Work required
Repeat exactly the line with "Used 2025 Mercedes-Benz" and each line after it to the end of the data below; pictures stay out.

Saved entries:
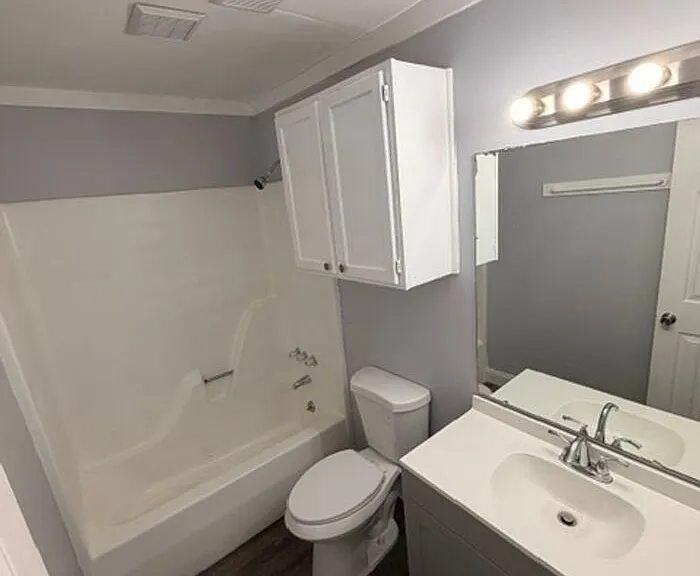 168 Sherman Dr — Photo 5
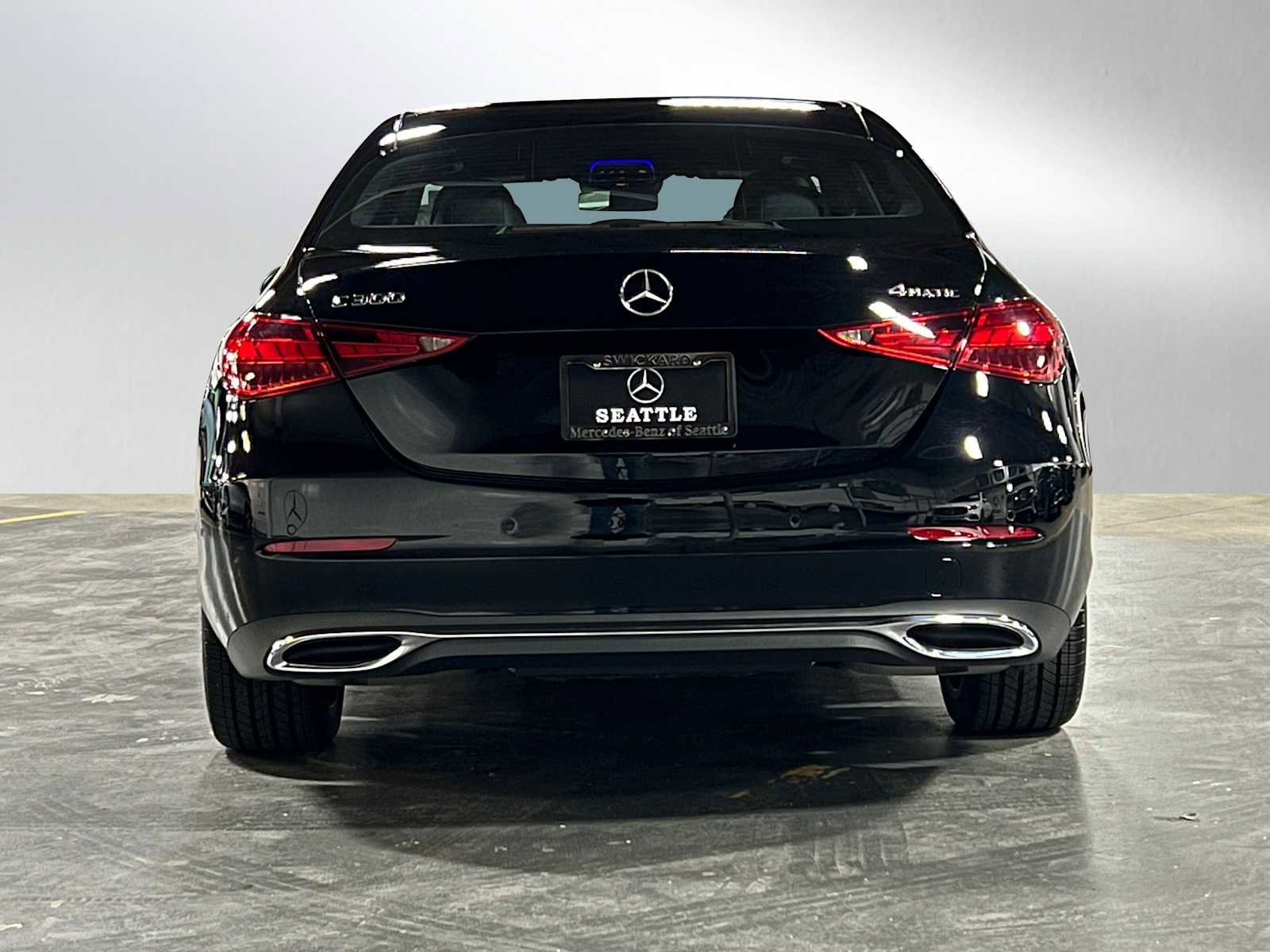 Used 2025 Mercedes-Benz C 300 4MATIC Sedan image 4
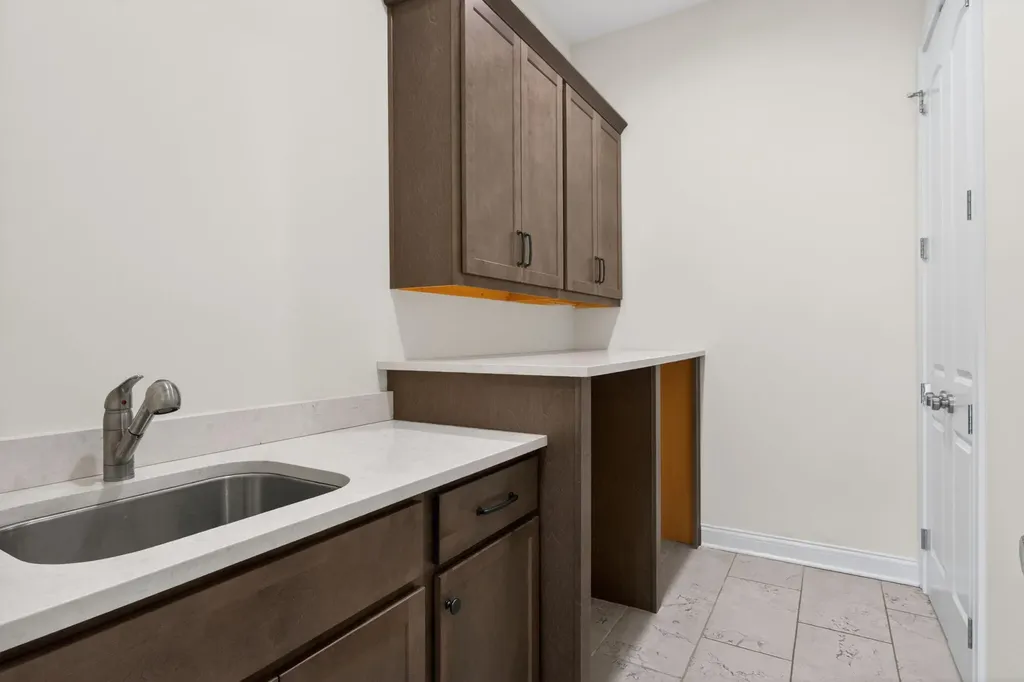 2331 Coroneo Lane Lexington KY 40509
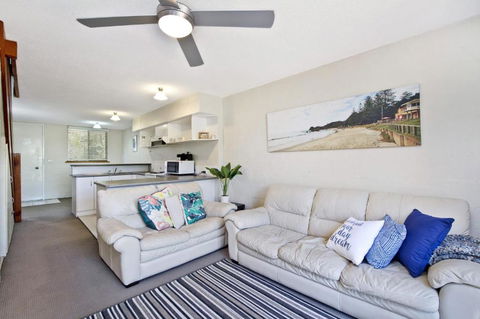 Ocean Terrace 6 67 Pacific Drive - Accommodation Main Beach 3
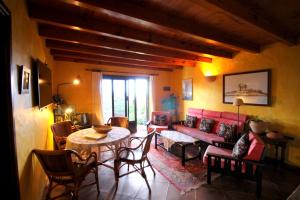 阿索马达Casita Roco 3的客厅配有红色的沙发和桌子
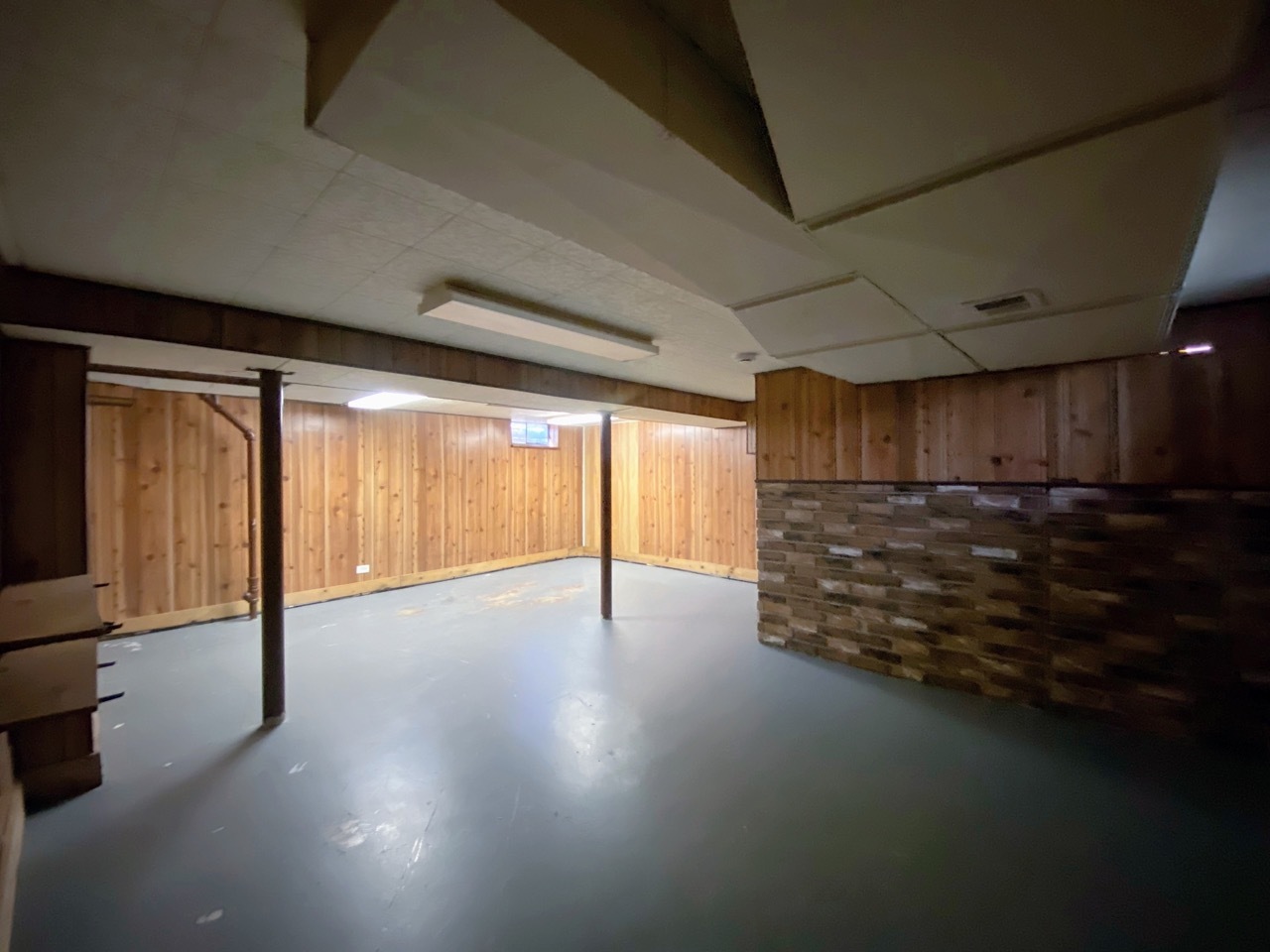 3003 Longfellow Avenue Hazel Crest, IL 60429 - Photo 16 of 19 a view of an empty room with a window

Worked solution
 Used 2025 Mercedes-Benz C 300 4MATIC Sedan image 4
 2331 Coroneo Lane Lexington KY 40509
 Ocean Terrace 6 67 Pacific Drive - Accommodation Main Beach 3
 阿索马达Casita Roco 3的客厅配有红色的沙发和桌子
 3003 Longfellow Avenue Hazel Crest, IL 60429 - Photo 16 of 19 a view of an empty room with a window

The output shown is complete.